Nintendo’s latest venture is something of a hybrid game. Called Arms, it stars a cast of near-future fighters with Slinkies for arms, who duel in stadium-like arenas packed with adoring crowds. It’s a fighting game, yes, but it’s not exactly a traditional one like Street Fighter or Tekken. At the same time, it’s also not as immediately intuitive in the way that boxing in Wii Sports was. It straddles the line between depth and accessibility, and that can make it unclear who the target audience of Arms actually is.
So who exactly is Arms for? Here are a few potential candidates.
Families who play together
Think of Arms as the fighting game equivalent of Mario Kart: a multiplayer game that just about anyone can pick up and have fun with right away. (Arms was actually developed by the same team behind the excellent Mario Kart 8.)
It’s simple enough to pick up and play, but complex enough to keep the interest of more experienced players. Arms features both one-on-one and two-on-two competitive play, and both are a blast. Even better: since it’s on Switch, it’s very easy to get a game of Arms going wherever you may be — provided you have an extra set of Joy-Con controllers laying around.
The game’s default style of control is motion controls, which play out like a more advanced version of Wii Sports boxing. (Though you can also play with a standard controller if you want more precision.) To throw some punches, you swing your fists through the air with a Joy-Con controller in each hand.
Arms has a definite learning curve for those pursuing mastery. It takes some practice to get used to swinging your arms about while also jumping, blocking, and dodging. For me, it took a few matches before I felt comfortable leaping sideways, throwing an arm in one direction, and the other arm in another.
While it takes practice to get good at Arms, you don’t need to be especially great to hop in and have fun. This is especially true of the two-on-two mode, where a more experienced player can partner up with a newbie to even things out.
Serious fighting game fans
For all of its accessibility, part of what makes Arms so enjoyable is its freedom of movement. Take punches, for example. The distinct spring-like arms on each character don’t just let you punch an opponent who is far away, they also let you add a twist to your punch, almost as if you were tossing a curve ball. This lets you punch around obstacles in certain stages, or — if you’re particularly skilled — predict where your opponent is going and aim in that direction.

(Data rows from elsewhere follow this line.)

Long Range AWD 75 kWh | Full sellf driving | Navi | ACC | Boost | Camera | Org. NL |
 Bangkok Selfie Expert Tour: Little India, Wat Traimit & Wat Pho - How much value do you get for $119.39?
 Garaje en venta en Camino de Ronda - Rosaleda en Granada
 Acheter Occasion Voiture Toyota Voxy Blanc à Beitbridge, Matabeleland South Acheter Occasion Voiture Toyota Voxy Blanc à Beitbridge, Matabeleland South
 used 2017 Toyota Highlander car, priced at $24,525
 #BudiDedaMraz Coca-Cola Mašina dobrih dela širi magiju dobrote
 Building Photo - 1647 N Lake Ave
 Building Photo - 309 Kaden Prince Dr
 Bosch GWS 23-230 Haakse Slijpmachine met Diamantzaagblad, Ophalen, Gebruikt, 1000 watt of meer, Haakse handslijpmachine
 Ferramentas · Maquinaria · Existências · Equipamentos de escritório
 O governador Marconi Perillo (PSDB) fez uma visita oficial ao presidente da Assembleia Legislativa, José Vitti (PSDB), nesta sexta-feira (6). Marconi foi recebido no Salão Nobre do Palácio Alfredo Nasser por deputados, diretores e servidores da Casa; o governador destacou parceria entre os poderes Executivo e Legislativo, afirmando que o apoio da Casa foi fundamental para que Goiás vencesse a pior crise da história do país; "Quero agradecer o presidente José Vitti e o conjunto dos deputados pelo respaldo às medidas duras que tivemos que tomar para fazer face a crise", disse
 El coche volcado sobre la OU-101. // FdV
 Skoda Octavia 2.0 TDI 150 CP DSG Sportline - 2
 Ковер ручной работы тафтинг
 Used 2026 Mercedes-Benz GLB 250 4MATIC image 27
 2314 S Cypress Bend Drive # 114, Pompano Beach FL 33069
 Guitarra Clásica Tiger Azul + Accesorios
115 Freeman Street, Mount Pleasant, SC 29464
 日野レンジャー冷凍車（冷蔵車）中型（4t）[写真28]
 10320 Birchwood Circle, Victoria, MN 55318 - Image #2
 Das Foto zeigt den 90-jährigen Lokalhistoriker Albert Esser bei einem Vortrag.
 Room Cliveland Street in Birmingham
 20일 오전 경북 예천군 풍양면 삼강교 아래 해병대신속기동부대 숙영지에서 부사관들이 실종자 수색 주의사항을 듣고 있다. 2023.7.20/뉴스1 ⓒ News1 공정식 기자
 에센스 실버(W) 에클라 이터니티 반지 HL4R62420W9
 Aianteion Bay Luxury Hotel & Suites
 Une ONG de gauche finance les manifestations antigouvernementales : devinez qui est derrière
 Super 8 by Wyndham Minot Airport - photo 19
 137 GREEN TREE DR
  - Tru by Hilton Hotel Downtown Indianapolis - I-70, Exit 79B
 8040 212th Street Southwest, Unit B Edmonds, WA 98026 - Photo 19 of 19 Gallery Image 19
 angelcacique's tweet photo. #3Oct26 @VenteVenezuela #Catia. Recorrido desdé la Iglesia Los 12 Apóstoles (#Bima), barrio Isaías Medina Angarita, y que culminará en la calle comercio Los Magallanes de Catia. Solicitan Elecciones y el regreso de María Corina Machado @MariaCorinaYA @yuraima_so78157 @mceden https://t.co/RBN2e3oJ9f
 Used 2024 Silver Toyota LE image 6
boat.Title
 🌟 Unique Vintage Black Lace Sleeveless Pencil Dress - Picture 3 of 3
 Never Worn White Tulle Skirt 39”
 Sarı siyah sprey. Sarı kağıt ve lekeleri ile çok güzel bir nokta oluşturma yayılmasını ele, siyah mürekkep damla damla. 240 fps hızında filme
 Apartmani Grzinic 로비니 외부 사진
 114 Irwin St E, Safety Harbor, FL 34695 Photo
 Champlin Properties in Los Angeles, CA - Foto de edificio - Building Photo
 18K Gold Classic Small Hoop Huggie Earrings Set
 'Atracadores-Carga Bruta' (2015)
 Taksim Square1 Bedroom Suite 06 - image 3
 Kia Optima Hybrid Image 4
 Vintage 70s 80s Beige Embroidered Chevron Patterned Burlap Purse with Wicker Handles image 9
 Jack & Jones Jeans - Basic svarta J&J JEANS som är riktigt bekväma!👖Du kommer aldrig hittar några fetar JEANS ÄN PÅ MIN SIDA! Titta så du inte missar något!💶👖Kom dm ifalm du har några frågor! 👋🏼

Things get even more complex when you factor in the differences between characters. Each of the 10 combatants has a distinct way of moving and special abilities that dramatically alters the way they fight. After playing for a week, I’m still not sure who I like best. Sometimes I prefer the speed and jumping ability of Ribbon Girl, other times Mechanica’s option to glide through the air on a rocket pack is what helps me win matches.
The possibilities get even deeper with the inclusion of character add-ons confusingly called arms. These are essentially different types of gloves you can equip your characters with, and they provide a range of different abilities. Some can freeze or blind your opponent, others fire laser beams. There are dozens to unlock, and figuring out the best combination of character and arms requires a good deal of practice and experimentation.
That said, for all of its depth, Arms is very different from most fighting games. It still requires fast reflexes and quick thinking, but there’s no memorization of complex combos or advanced control schemes to worry about.
Switch owners looking for something after Zelda
A few months after launch, the Switch has a fairly solid line-up of games, from smaller gems like Tumbleseed and Puyo Puyo Tetris, to ports of big hits like Minecraft and Mario Kart 8. But even still, many Switch owners are looking for something new to play — particularly those who have managed to make it all the way through Breath of the Wild.
Arms is a great game, but depending on the kind of experience you’re looking for, it might not satisfy that post-Zelda itch. That’s especially true if you’re planning to play alone. As a single-player game, Arms is lacking. The main grand prix mode is a fine place to learn new characters and unlock content, but it’s not a satisfying story mode. There’s not enough meat or variety to make it interesting over multiple playthroughs. For me, it’s served primarily as a training ground.
Of course, this is true of most competitive games. Mario Kart gets pretty boring when you play by yourself. But Arms feels especially sparse, especially when you look at the upcoming Splatoon 2, which retains a multiplayer focus but adds in what looks to be a fairly robust single-player campaign as well. Arms is great with a friend — but there’s not much to it when you’re on your own.
Arms launches on Nintendo Switch on June 16th.